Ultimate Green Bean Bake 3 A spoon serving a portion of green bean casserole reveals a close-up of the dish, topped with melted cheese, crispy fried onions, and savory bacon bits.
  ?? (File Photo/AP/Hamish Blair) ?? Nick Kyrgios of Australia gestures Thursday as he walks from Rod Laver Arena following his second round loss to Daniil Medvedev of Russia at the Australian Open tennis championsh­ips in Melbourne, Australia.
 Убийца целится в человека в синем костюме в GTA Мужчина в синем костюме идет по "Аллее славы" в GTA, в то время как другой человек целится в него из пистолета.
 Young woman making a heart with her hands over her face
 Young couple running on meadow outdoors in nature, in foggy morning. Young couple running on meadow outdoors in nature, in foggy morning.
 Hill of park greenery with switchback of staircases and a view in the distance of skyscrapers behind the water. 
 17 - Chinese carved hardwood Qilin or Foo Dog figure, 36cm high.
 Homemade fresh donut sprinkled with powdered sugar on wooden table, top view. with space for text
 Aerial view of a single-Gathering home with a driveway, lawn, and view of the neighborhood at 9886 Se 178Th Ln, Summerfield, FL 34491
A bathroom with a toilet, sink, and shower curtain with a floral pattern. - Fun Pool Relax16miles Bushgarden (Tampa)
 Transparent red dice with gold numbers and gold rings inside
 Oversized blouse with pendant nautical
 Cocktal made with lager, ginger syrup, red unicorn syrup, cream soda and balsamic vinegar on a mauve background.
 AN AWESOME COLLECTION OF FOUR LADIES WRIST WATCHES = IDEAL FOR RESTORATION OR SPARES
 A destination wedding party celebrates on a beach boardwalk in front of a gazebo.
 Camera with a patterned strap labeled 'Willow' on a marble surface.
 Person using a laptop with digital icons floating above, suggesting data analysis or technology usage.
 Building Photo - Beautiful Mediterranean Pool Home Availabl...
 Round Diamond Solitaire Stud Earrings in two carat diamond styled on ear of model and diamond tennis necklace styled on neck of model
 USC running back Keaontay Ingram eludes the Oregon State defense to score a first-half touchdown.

## What you have to do
Up to and including the line with "Young woman making", repeat the data exactly, starting from its first line; nothing else belongs in the response.

## Result
Ultimate Green Bean Bake 3 A spoon serving a portion of green bean casserole reveals a close-up of the dish, topped with melted cheese, crispy fried onions, and savory bacon bits.
  ?? (File Photo/AP/Hamish Blair) ?? Nick Kyrgios of Australia gestures Thursday as he walks from Rod Laver Arena following his second round loss to Daniil Medvedev of Russia at the Australian Open tennis championsh­ips in Melbourne, Australia.
 Убийца целится в человека в синем костюме в GTA Мужчина в синем костюме идет по "Аллее славы" в GTA, в то время как другой человек целится в него из пистолета.
 Young woman making a heart with her hands over her face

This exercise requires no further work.